The number of profit warnings issued in 2023 by UK-listed companies with a Defined Benefit (DB) pension scheme increased by 6% on the previous year, according to EY-Parthenon’s latest Profit Warnings report.

In total, 72 warnings were issued by listed companies with a DB pension sponsor in 2023, compared to the 68 issued in 2022. 

Listed companies with a DB scheme issued 22 warnings in Q4 2023, an increase of 10% (2) on Q3 – making this the highest quarterly total since Q4 2021, when 22 warnings were also issued. 

Across all UK-listed companies, 77 profit warnings were issued in Q4 2023, with more than a quarter (29%) of these warnings coming from companies with DB schemes. Companies with DB sponsors in the industrials sector issued the most warnings in Q4 and have issued the most throughout 2023 (29). 

Over one-in-five (22%) of UK-listed companies with a DB pension scheme have issued a profit warning in the last 12 months.

Credit tightening remains key driver for profit warnings from companies with a DB pension scheme

Twenty-seven per cent (27%) of profit warnings issued by UK-listed companies with a DB sponsor in Q4 2023 cited pressures from credit tightening as a reason for the warning. Although these pressures have eased since Q3, when 35% of DB sponsors cited it as a reason, this is clearly higher than a year ago in Q4 2022 when 13% gave credit condition as a warning. Tighter conditions around securing finance continue to impact businesses. 
 
Spending and contract delays also triggered an increasing number of profit warnings at the end of 2023 as cautious companies and consumers held back spending. Warnings citing delayed or cancelled contracts rose from 15% in Q3 to 23% in Q4, the largest increase of the quarter.  

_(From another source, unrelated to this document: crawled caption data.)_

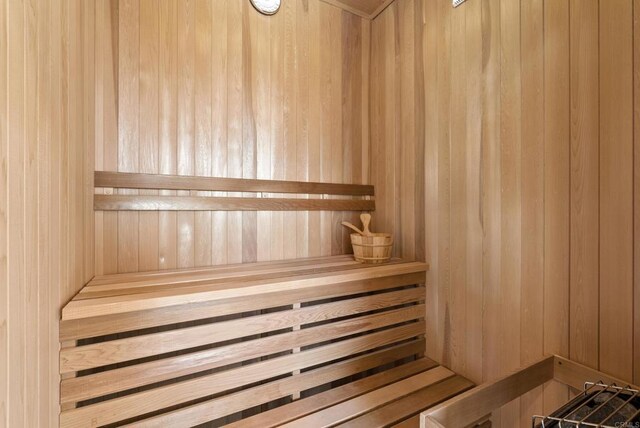 17124 Circa Oriente, Rancho Santa Fe, CA 92067 - relaxing sauna with wooden walls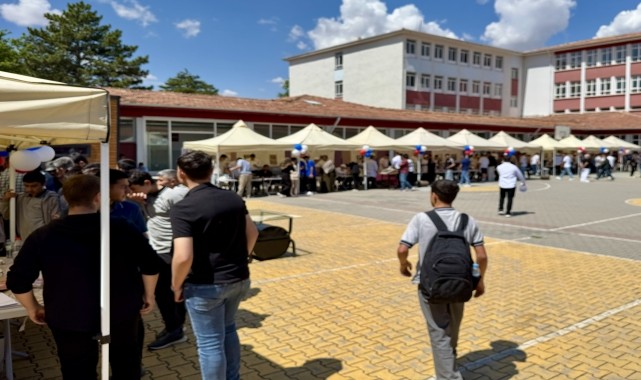 Kırşehir&#039;de TÜBİTAK 4006 Bilim Fuarı ve Bahar Şenliği düzenlendi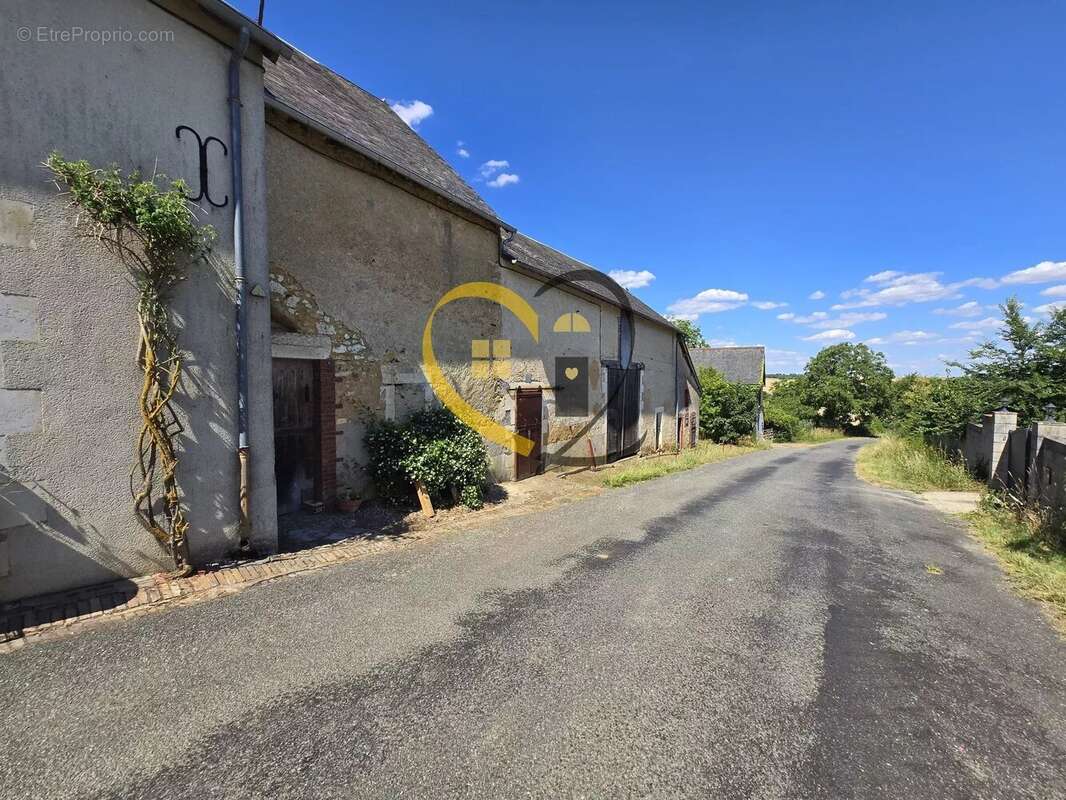 Maison à HUMBLIGNY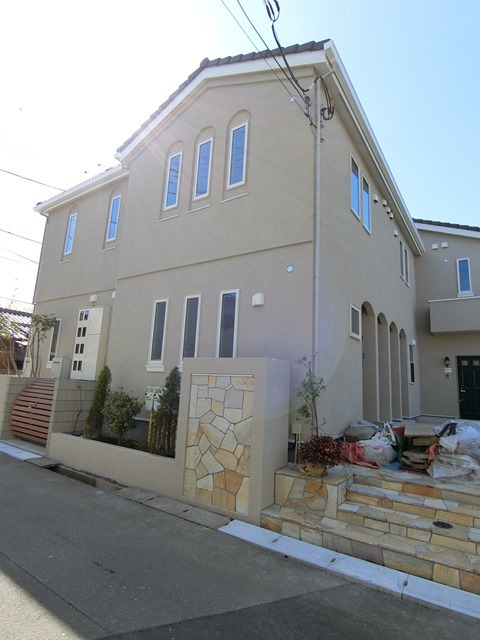 ��ʌ��������܎s��{��O���P���ڂ̃A�p�[�g�̌����O��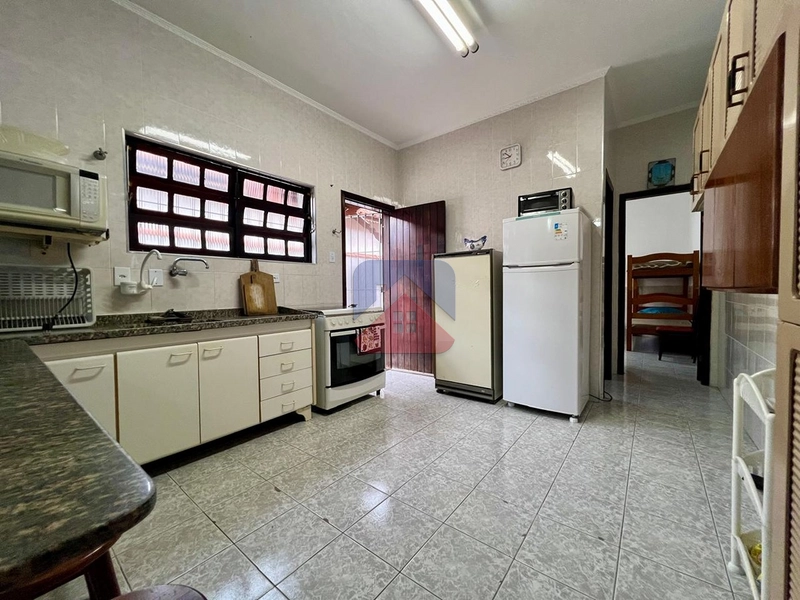 CASA COM 2 DORMITÓRIOS SENDO 1 SUITE E EDICULA PARA VENDA,: 6ª foto da galeria de imagens do imóvel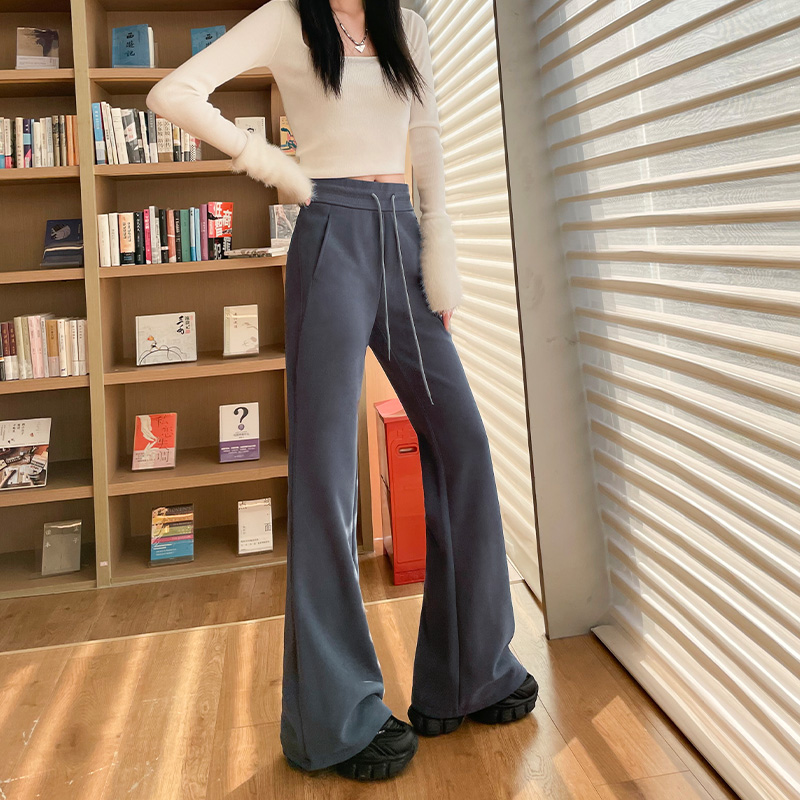 フレアシルエットのワークパンツ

Karina Brookes, UK Pensions Covenant Advisory Leader and EY-Parthenon Partner, comments: “The percentage of profit warnings from UK listed companies in 2023 exceeded levels seen at the peak of the financial crisis, with one in five DB sponsors warning in the last 12 months.  

“It is unsurprising to see the increase, given the high costs and tightening credit conditions that companies dealt with in 2023. DB Sponsors will be moving into 2024 with ongoing earnings challenges, alongside new pension regulations and guidance that also need to be addressed. 

“In 2024, we see re-financing risk being a key area of concern, as interest rates remain relatively high and changing capital landscapes make it harder for some corporates to renew existing arrangements. There are still plenty of DB sponsors that haven’t yet dealt with the pain of re-financing in a higher interest rate world. 

“This refinancing risk will play an increasingly important role as employer covenant has now been defined in legislation to ensure that both short term affordability and longer-term covenant horizon, are considered. Longer term financial resilience is a key factor when considering Scheme endgame strategy.” 

Paul Kitson, UK Pensions Consulting Leader at EY, adds: “While the high interest rate environment is increasing the strain on companies' performance, it has also resulted in DB pension schemes being in relatively strong health, with many approaching or exceeding funding targets. There are significant surpluses emerging, giving rise to the question of whether there is true equitability between capital held in the pension scheme versus support for the corporate.

“Following the pension reform consultations announced in the Autumn Statement, Trustees and sponsors will be closely monitoring the upcoming Spring Budget for details around how the industry will be expected to drive forward the change.”